----- TASK INPUTS -----
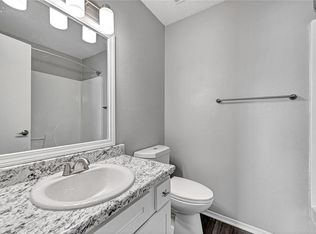 4380 W Thrasher Dr, Fayetteville, AR 72704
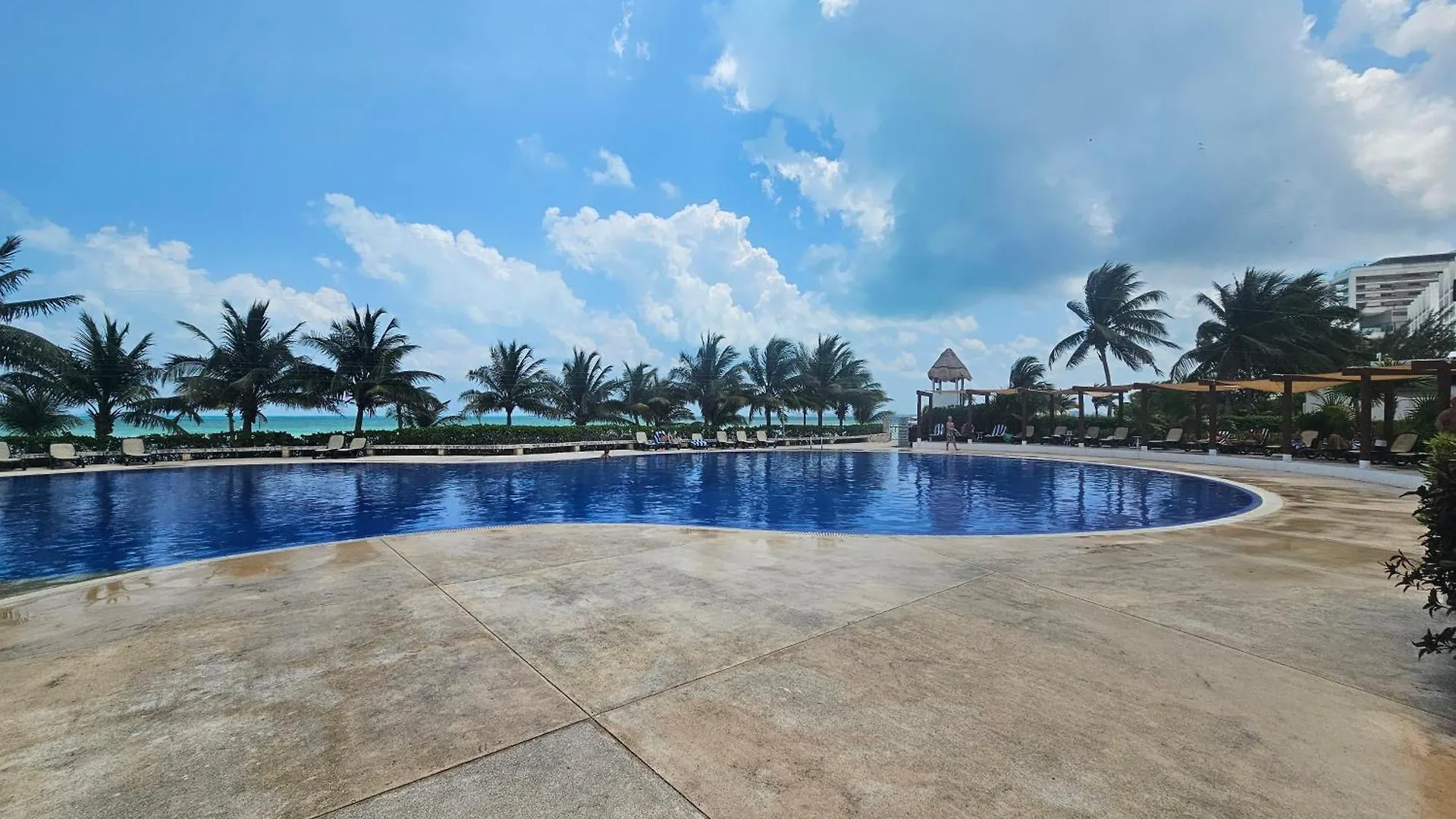 Beachfront Apartments Cancun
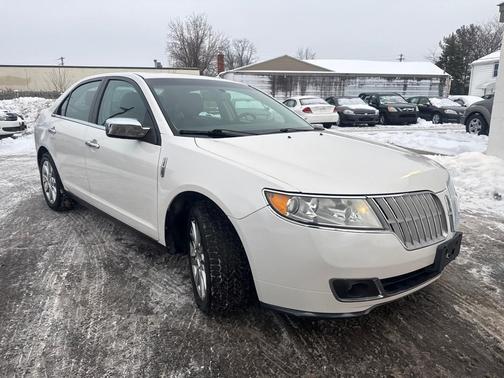 2012 Lincoln MKZ Base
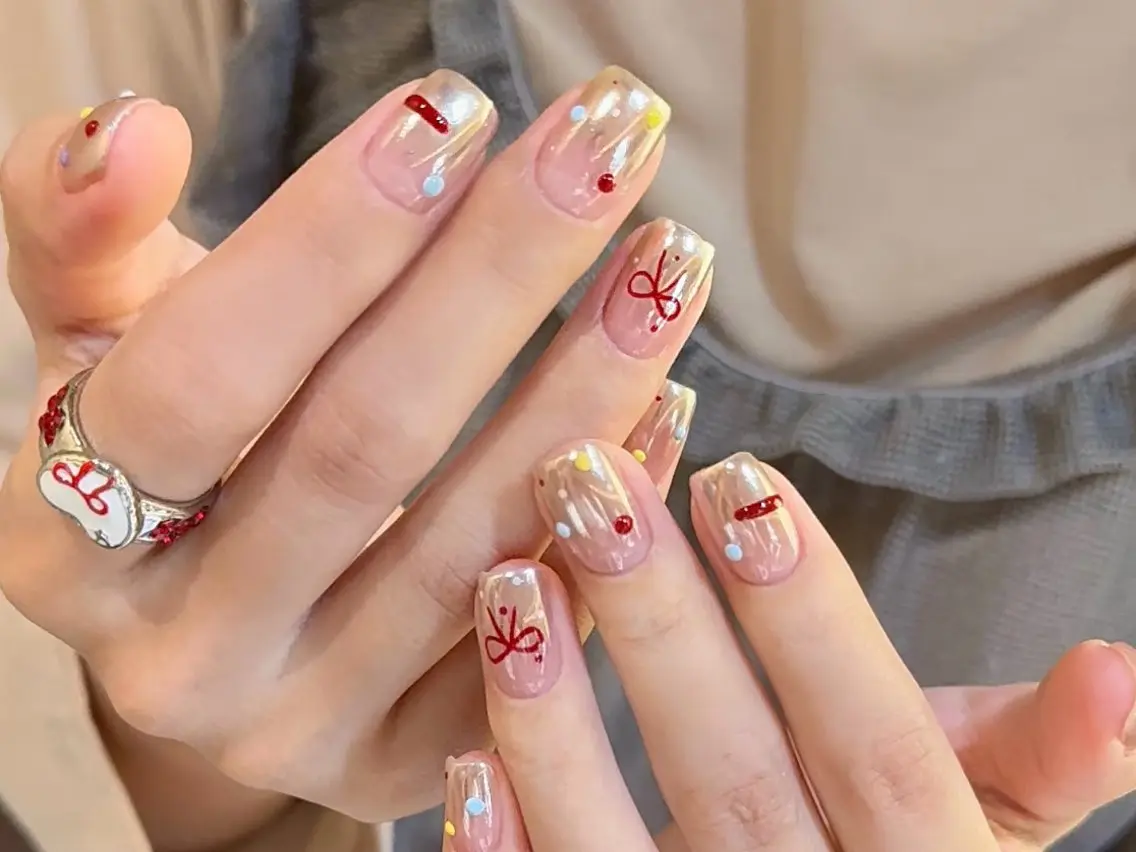 ネイル アートネイル オーロラネイル チークネイル フレンチネイル ガラスフレンチ ハンドネイル 🎀🎀YooLi Nail Salonのネイルデザイン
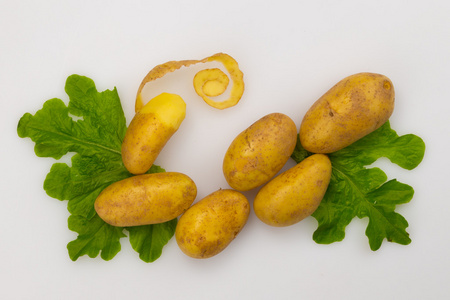 新鲜的原料土豆和生菜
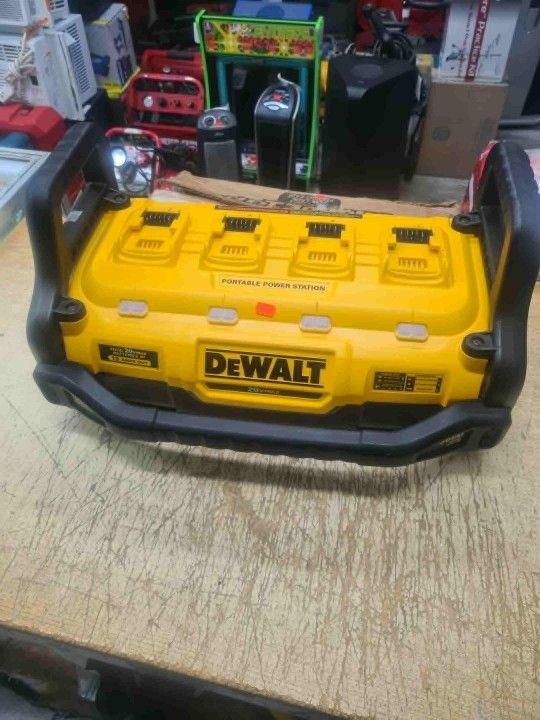 DEWALT
1800 Watt Portable Power Station and 20V/60V MAX Lithium-Ion Battery Charger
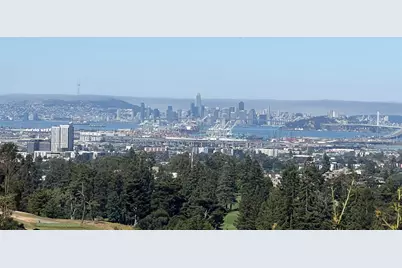 82 Wilding Ln, Oakland, CA 94611 - Photo 9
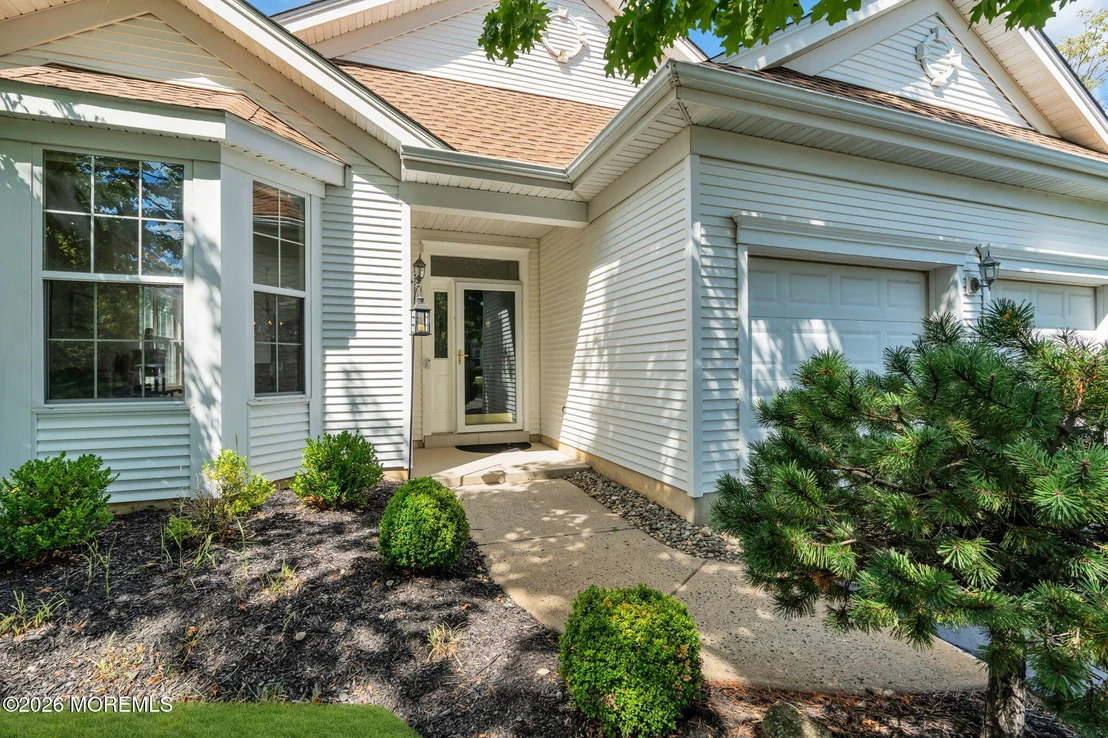 Photo of 2593 Collier Road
-----
# YOUR OBJECTIVE:
Please repeat all of the data exactly as it stands, leaving the pictures out.

# TASK OUTPUT:
 4380 W Thrasher Dr, Fayetteville, AR 72704
 Beachfront Apartments Cancun
 2012 Lincoln MKZ Base
 ネイル アートネイル オーロラネイル チークネイル フレンチネイル ガラスフレンチ ハンドネイル 🎀🎀YooLi Nail Salonのネイルデザイン
 新鲜的原料土豆和生菜
 DEWALT
1800 Watt Portable Power Station and 20V/60V MAX Lithium-Ion Battery Charger
 82 Wilding Ln, Oakland, CA 94611 - Photo 9
 Photo of 2593 Collier Road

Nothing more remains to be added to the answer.